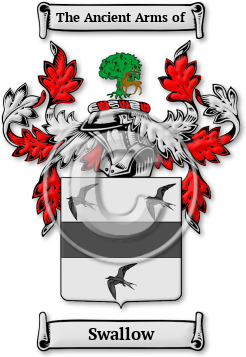 Swallow Family Crest Download (JPG) Legacy Series - 300 DPI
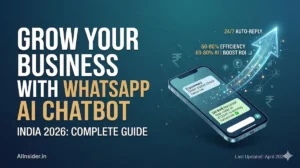 How to Grow Your Business with WhatsApp AI Chatbot in India 2026 — Complete Guide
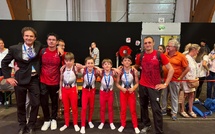 GAM - Championnat de France Equipes B - Blagnac en Argent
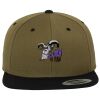 Two Tone Classic Snapback Cap Miniaturansicht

----------

[WHAT IS EXPECTED]
Repeat the material above in full and unchanged, minus its images.

[RESPONSE TO THIS EXERCISE]
 Swallow Family Crest Download (JPG) Legacy Series - 300 DPI
 How to Grow Your Business with WhatsApp AI Chatbot in India 2026 — Complete Guide
 GAM - Championnat de France Equipes B - Blagnac en Argent
 Two Tone Classic Snapback Cap Miniaturansicht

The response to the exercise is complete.